Acquiring and preparing data from online data repositories
About this lesson
In this lesson, students develop skills to acquire, store and validate data from online data repositories. They learn how to navigate popular data sources and download data for use in spreadsheets. They also gain essential skills in cleaning and preparing data for analysis.
Year band: 7-8
Curriculum LinksCurriculum Links
Digital Technologies
Acquire, store and validate data from a range of sources using software, including spreadsheets and databases ( AC9TDI8P01)
Learning map and outcomes
By the end of this lesson, students will be able to:
- understand how to access online data repositories
- set specific goals for data acquired
- navigate data repositories and download data
- identify common issues in downloaded data
- clean and prepare data for analysis.
Learning hook
Introduce the scenario of planning a weekend getaway with friends. The location needs to have perfect weather, not too hot and not too cold.
Ask the following questions.
- How would you decide on the destination?
- Would you guess based on your existing knowledge, or would you use data to make an informed choice?

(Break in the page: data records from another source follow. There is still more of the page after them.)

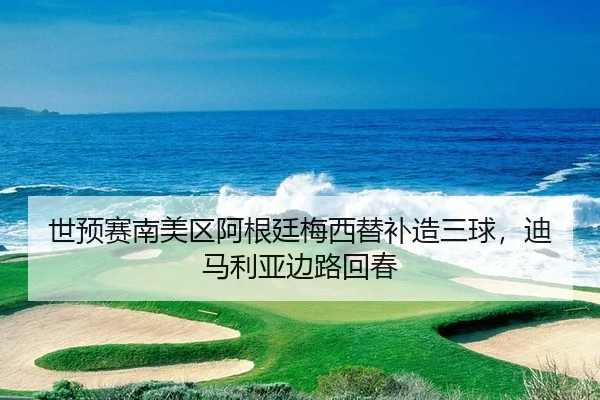 世预赛南美区阿根廷梅西替补造三球，迪马利亚边路回春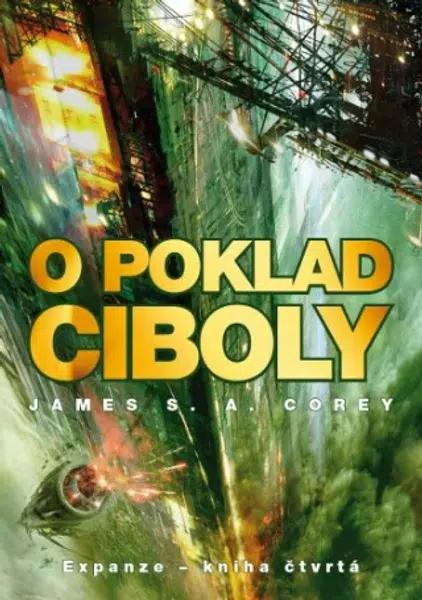O poklad Ciboly - James S. A. Corey - e-kniha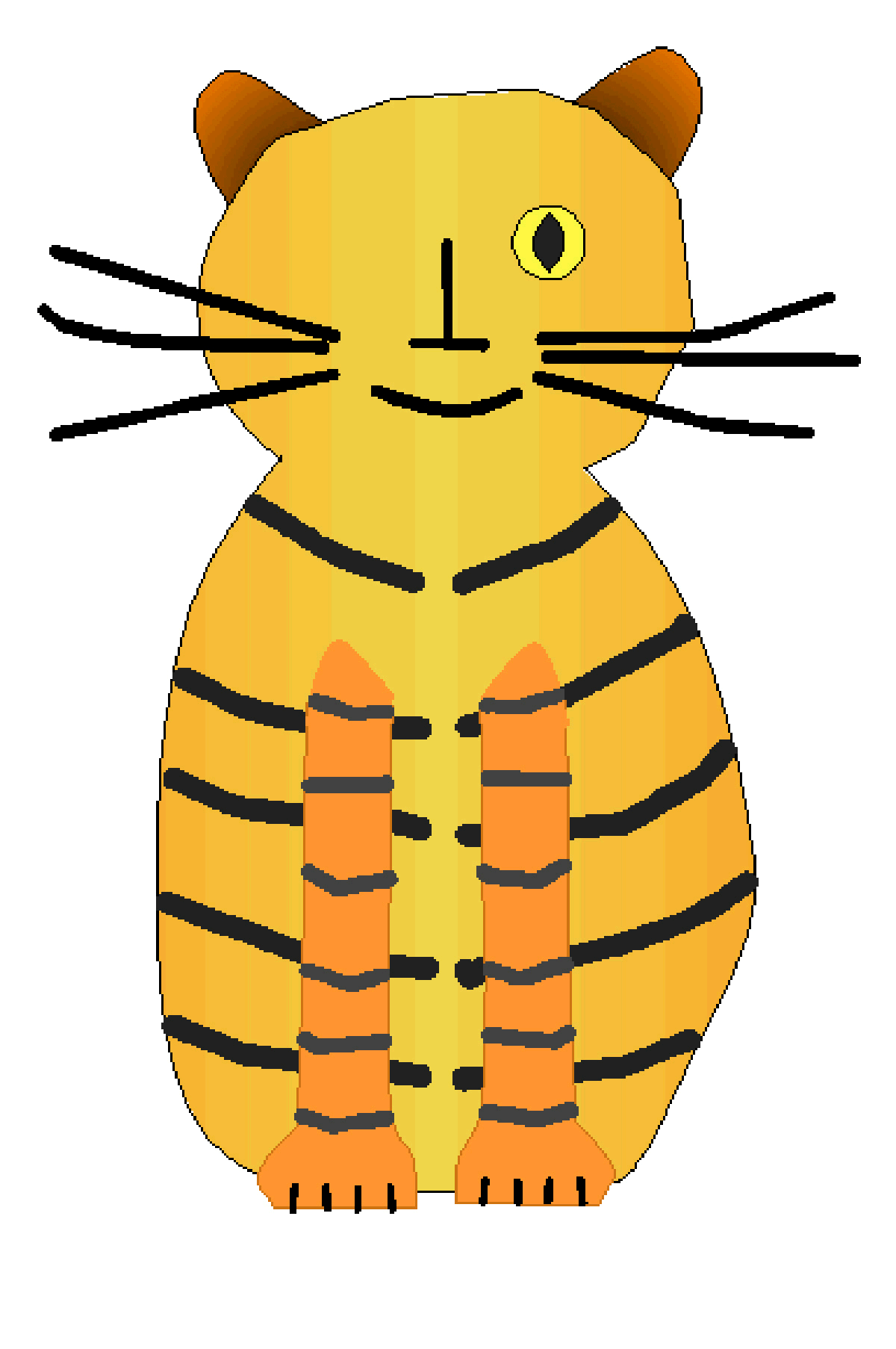 Smiling Tiger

Explain that when planning a holiday, data plays a vital role. Weather-related data can help people make informed decisions about where to go at different times of the year, and can also help inform what clothing to pack. By analysing weather data for several locations, you can increase the probability of being sufficiently prepared for your trip. Data relating to weather can be found on websites such as http://www.bom.gov.au/.
Encourage student discussion with the following discussion points.
- Find out how students typically make decisions. Do they consider data or rely purely on instinct?
- Encourage students to share any personal experiences where data or information influenced and changed their choices.
Learning input and construction
Acquiring and navigating data
Introduce several online data repositories. These repositories contain a range of data from various domains, and will help students with research, analysis and decision-making.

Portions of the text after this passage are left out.